[Captioned web images]
────────────────────────────────────────
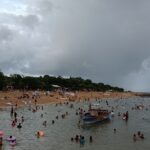 Berenang di Pantai Mertasari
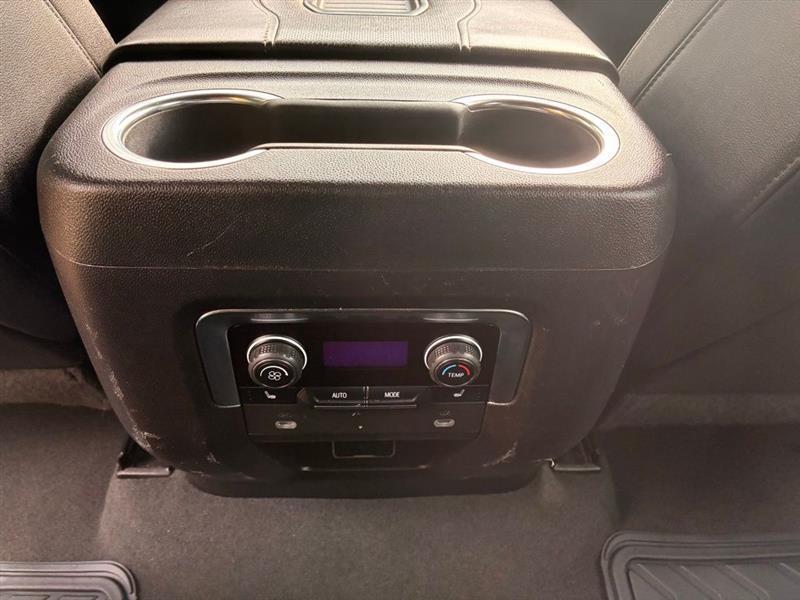 Chevrolet Suburban Premier 2023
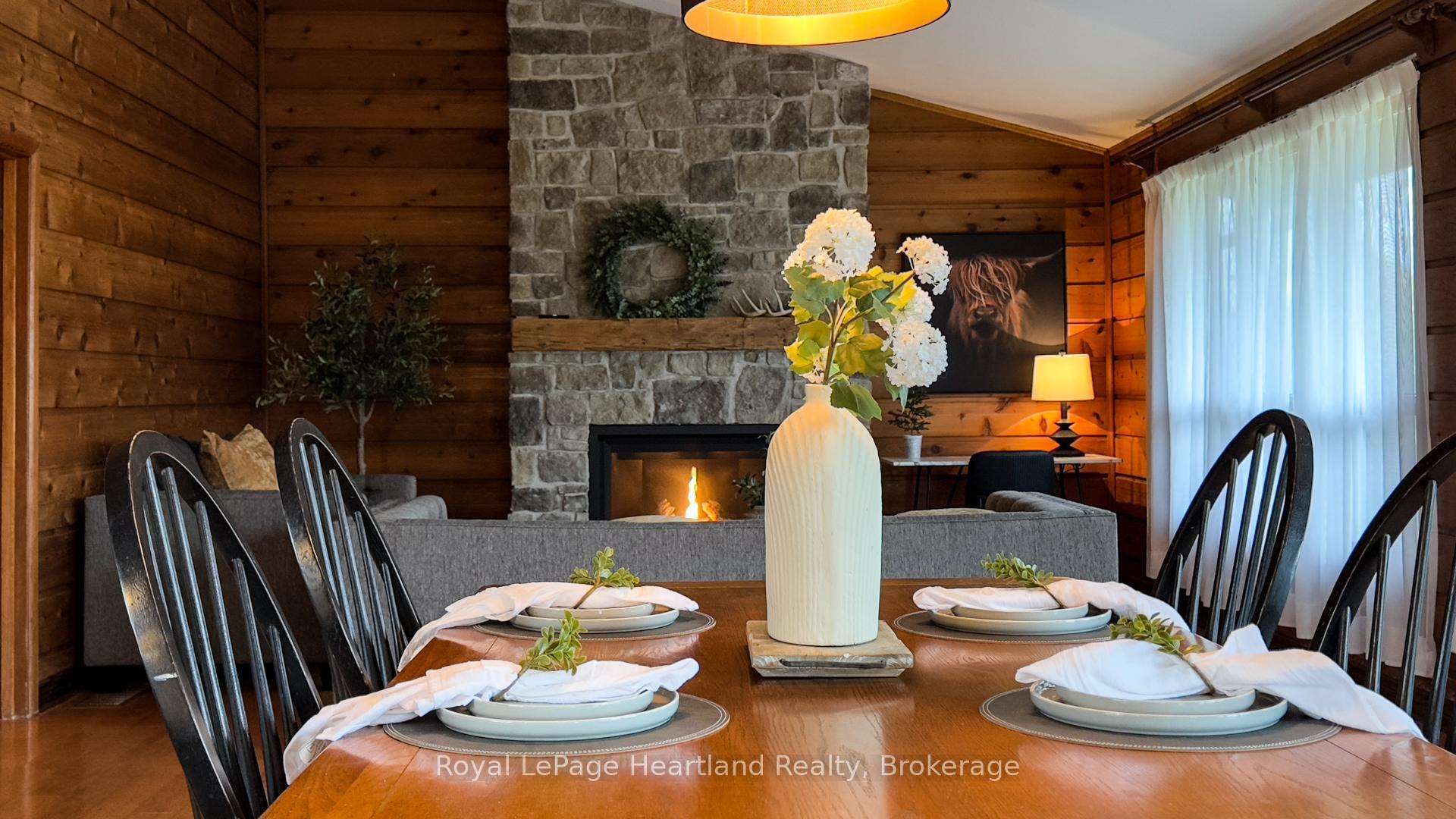 Photo 44 of 63 Victoria Street, Bluewater, Bayfield — HOMEH
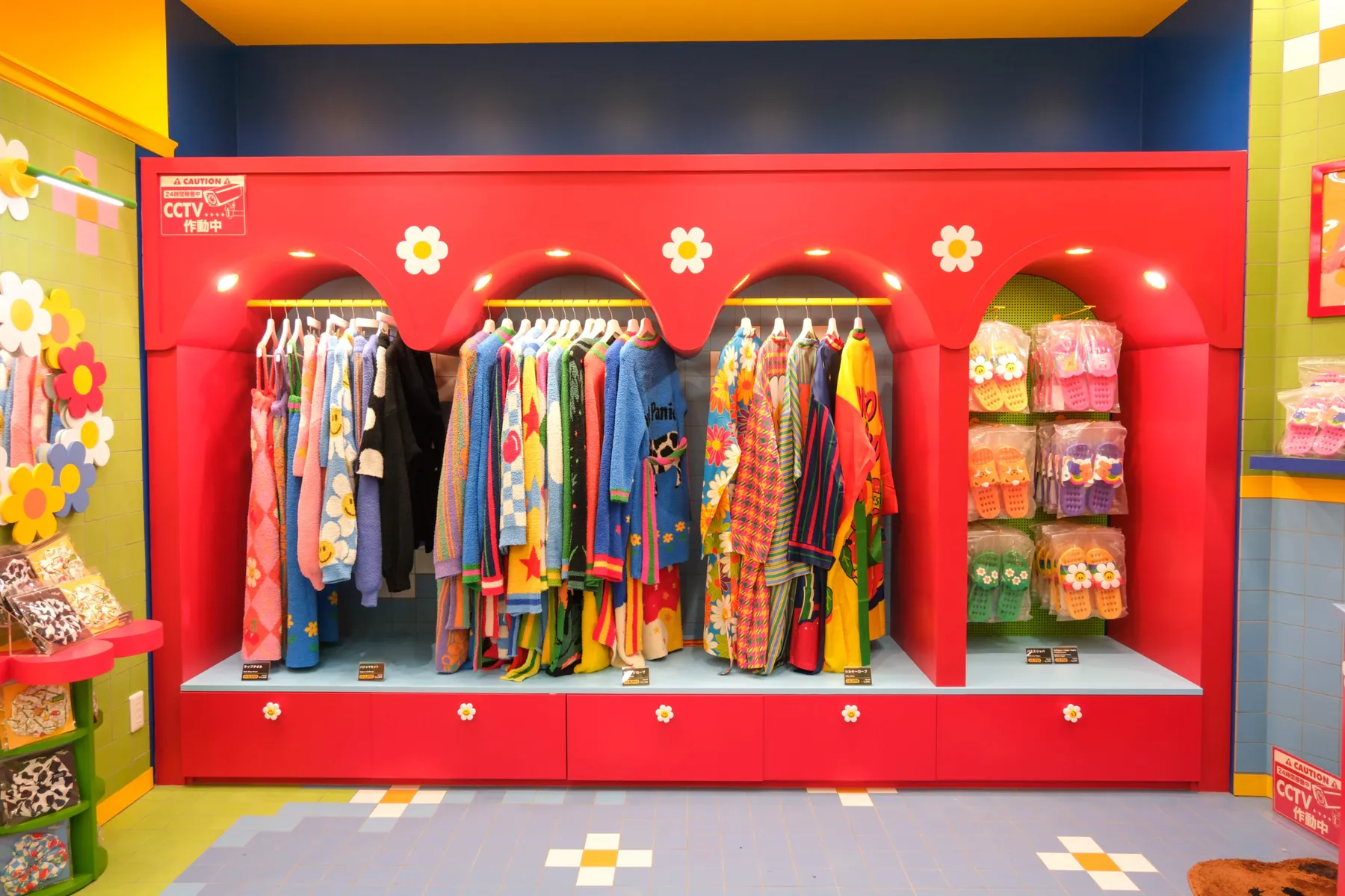 ▲WIGGLE WIGGLE.ZIP HARAJUKU 内観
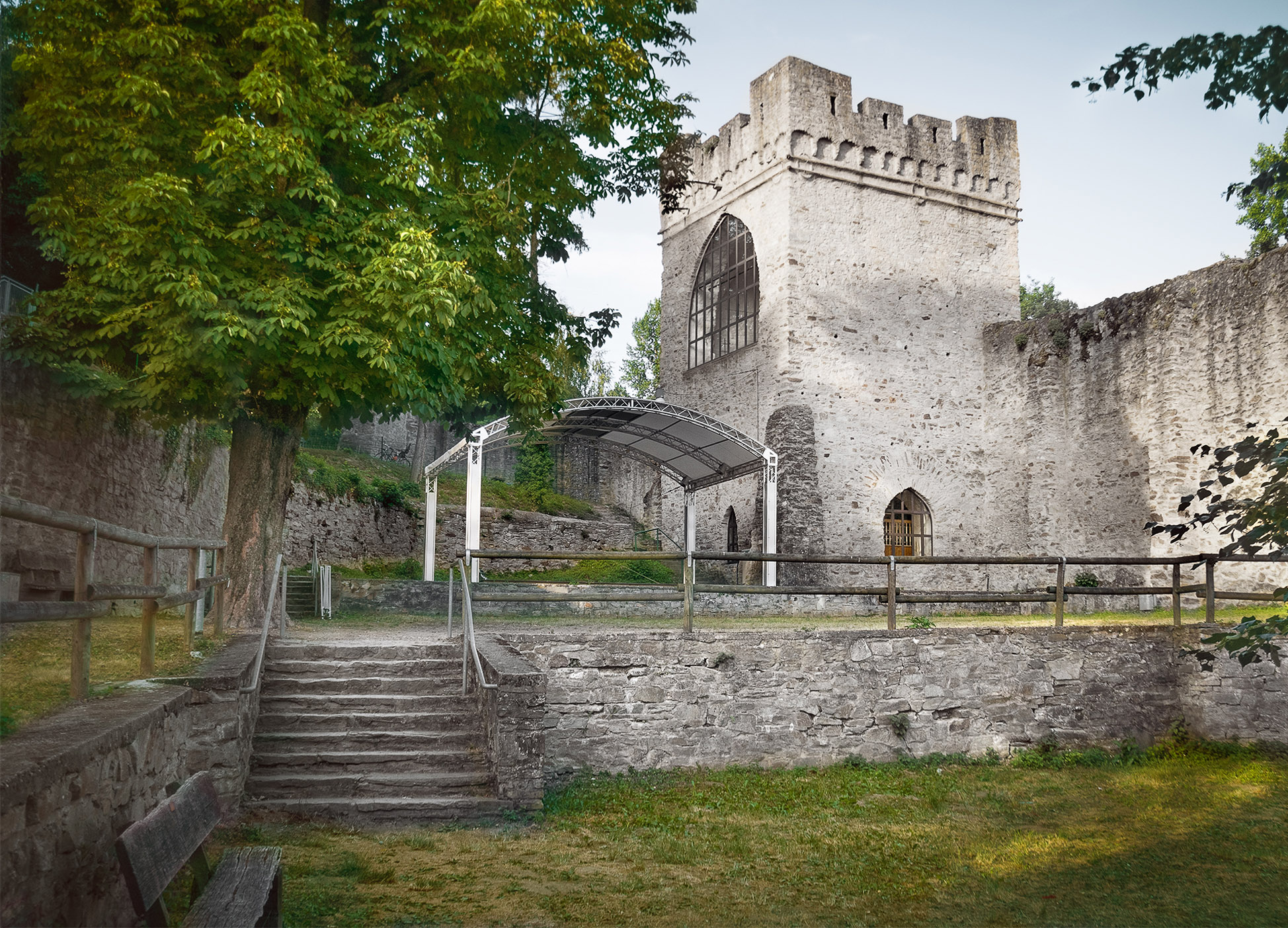 Wiesbadener-Burgfestspiele_Ort_Burggarten-2.jpg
────────────────────────────────────────
** Your assignment **
Please write the data out again exactly, but do not carry over the pictures.

** Written response **
 Berenang di Pantai Mertasari
 Chevrolet Suburban Premier 2023
 Photo 44 of 63 Victoria Street, Bluewater, Bayfield — HOMEH
 ▲WIGGLE WIGGLE.ZIP HARAJUKU 内観
 Wiesbadener-Burgfestspiele_Ort_Burggarten-2.jpg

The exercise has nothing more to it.